(Source data)

┌──

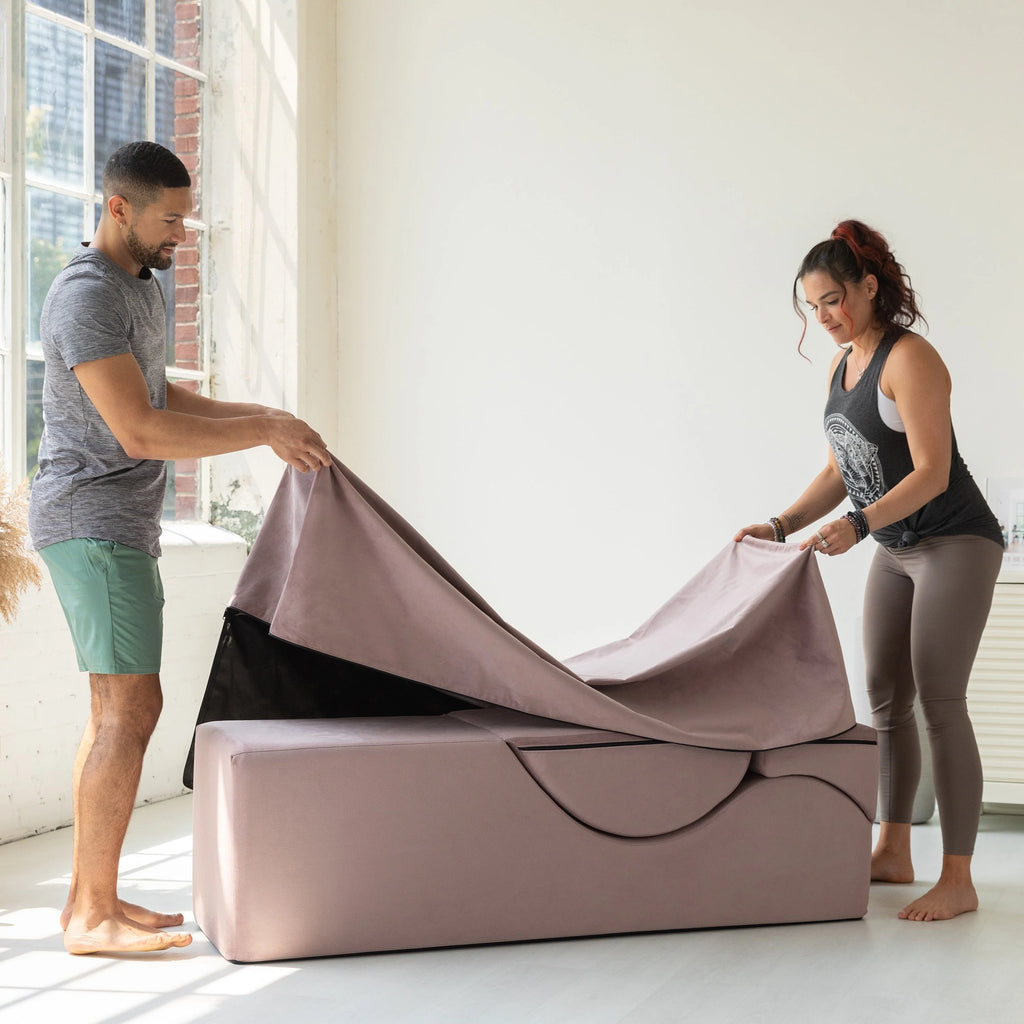 Avana Kami Chaise convertible / Yoga & Massage - Pouf 2 en 1 avec chaise longue de yoga pliable dissimulée, microvelours - N/A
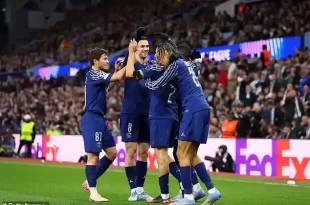PSG perdió en Inglaterra pero logró la semifinal en Champions League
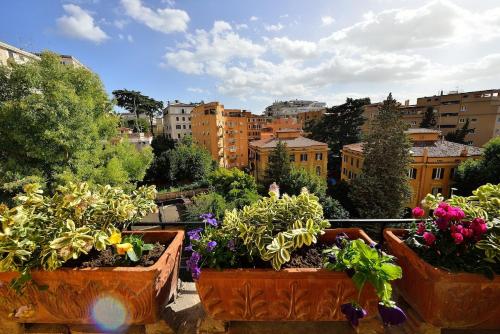 Elegant 2-Bedroom Apartment near Metro B1 Easy Access to the Colosseum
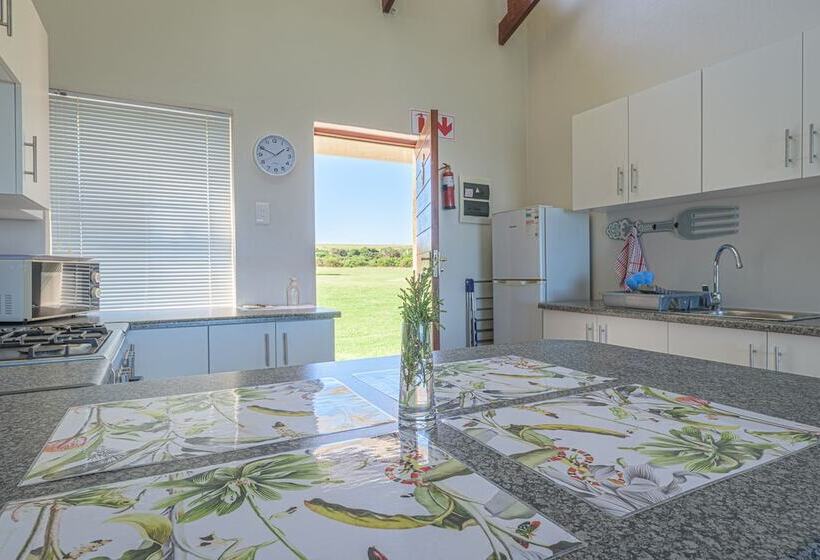 بنسيون Fynbos Golf And Country Estate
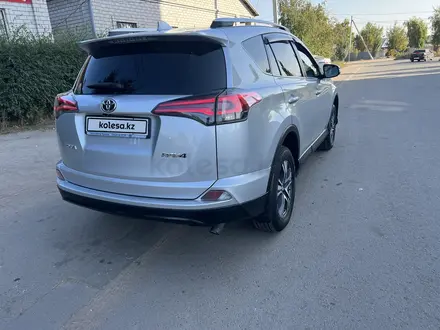 Toyota RAV4 2018 года за 14 500 000 тг. в Павлодар – фото 20
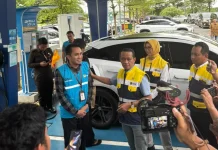 Menteri ESDM Tinjau SPKLU, PLN Buktikan Kesiapan Layani Lonjakan Pemudik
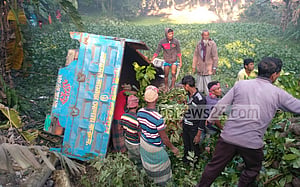 মাদারীপুরে পিকআপ ভ্যান খাদে, নিহত ২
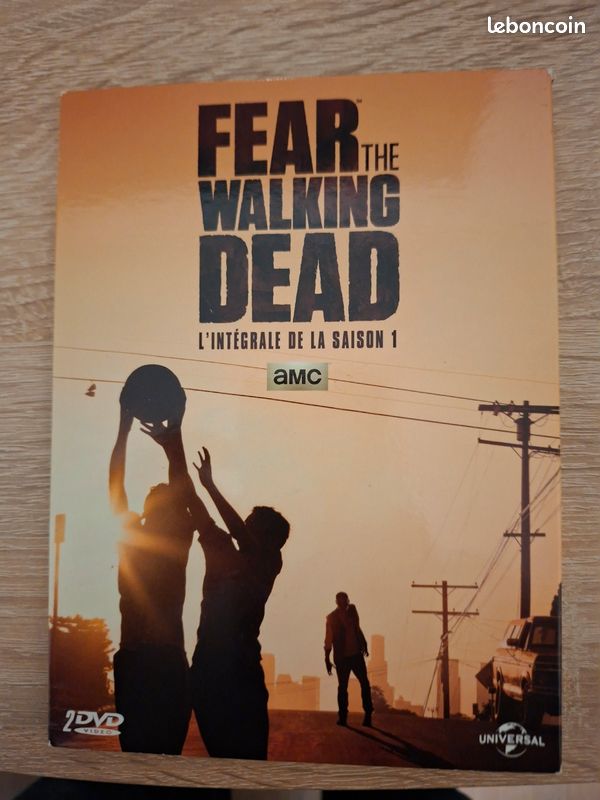 Dvd walking dead l’integrale saison 1 (image 1)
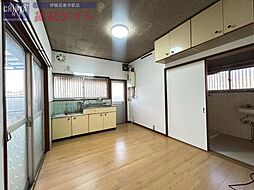 東高倉貸家 1階5DKのリビング/ダイニング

└──

:: TASK DIRECTIONS ::
Write out nothing but the lines from the one with "Menteri ESDM Tinjau" through the last line of the entries, exactly as they stand; pictures are not part of the copy.

:: YOUR RESPONSE ::
 Menteri ESDM Tinjau SPKLU, PLN Buktikan Kesiapan Layani Lonjakan Pemudik
 মাদারীপুরে পিকআপ ভ্যান খাদে, নিহত ২
 Dvd walking dead l’integrale saison 1 (image 1)
 東高倉貸家 1階5DKのリビング/ダイニング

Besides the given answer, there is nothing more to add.